Study Bibles for Expositors--English Standard Version (ESV) by Crossway

The next study Bible on the list is the English Standard Version (ESV) published by Crossway, a division of Good News Publishers, Wheaton, Illinois.  The ESV was initially published in 2001 however the Study Bible was published in 2011.  If you are a Bible reader and are familiar with other translations, it won’t take you long to realize that the ESV closely resembles the New American Standard Bible.  There are not a lot of changes between to the two to the casual reader.  I am certain that it you made a comparison with charts and diagrams and so forth that there would be some notable differences between the two of them.  Before going further I would like to point out my usual disclaimer that just because I am a reader of this particular translation it does not mean that I can entirely endorse everything about the ESV Study Bible.  I look at it as simply being another tool in the toolbox of one who desires to be serious about the exposition of Scripture in his preaching. 

TABLE OF CONTENTS/VARIOUS LIST DESCRIPTIONS:  The first thing that you have to give a thumbs up to in this Study Bible is the Table of Contents and the Lists of Illustrations, Charts and Diagrams, and Maps.  As I have labored through the book of Acts, the charts, diagrams and maps have been extremely helpful to me.  I think one thing that adds to your work in the pulpit is familiarity with biblical geography.  When I look at these maps, I generally try to make associations to cities near Dothan, Alabama.  For instance, I have said in the past that Bethany was about as far from Jerusalem as Ashford, Alabama is to Dothan.  There have been other times as I have preached through the life of Elijah and David that I would say, the went about 200 miles which would be like us traveling from Dothan to Birmingham and then I add that they traveled on the back of an animal or they walked.  This shores up a point in the mind of those who are hearing you preach.  The maps in the ESV are very well done as far as detail, color, and ability to determine distances.  There are at least 200 maps that you will find in the ESV Study Bible. 

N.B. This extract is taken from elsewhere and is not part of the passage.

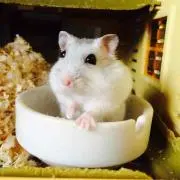 モコ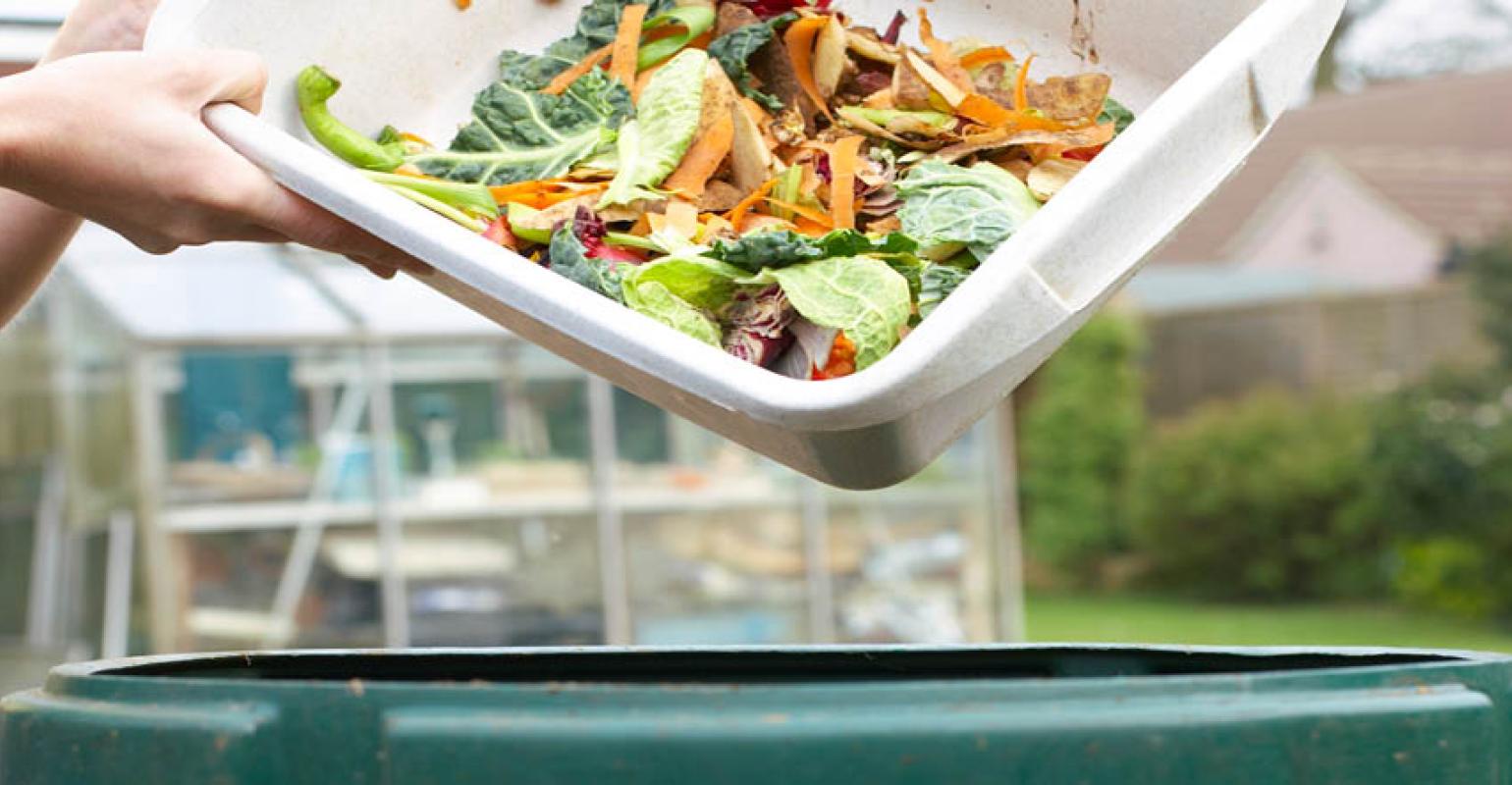 Policy Perspectives on Food Waste: Analyzing Government Initiatives in the United States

I have also used the charts fairly extensively especially in my Acts series.  Several of these are:  Progress of God’s Word in Acts, Major Events in the Life of the Apostle Paul, Itinerary of Paul’s Second Journey, Major Sermons in Acts, and Itinerary of Paul’s Third Journey.  All of these charts not only enhance what you are preaching but it also has the ability to increase the attempt of the mastery of the Scriptures which will never happen but the Scriptures end up mastering the workman.  That is why I am such a proponent of expository preaching.  If you only solely do topical or textual preaching or variations of that, the preacher generally ends up just recycling what he already knows whereas the expository method in itself forces the workman to dig into parts of Scripture that he otherwise would not. 

One last area that is also very helpful is the Illustrations.  This is another area that will increase the knowledge level of the expositor.  When I was working through the series on the Tabernacle, the ESV Study Bible had an overall picture of the Tabernacle tent but it also had pictures of each individual piece of furniture that was in the Tabernacle.  Sometimes when you read Scripture you can get a picture of it in your mind but when it is drawn out in the form of a picture and you can work in tandem with reading it and seeing a very good illustration it will improve your work.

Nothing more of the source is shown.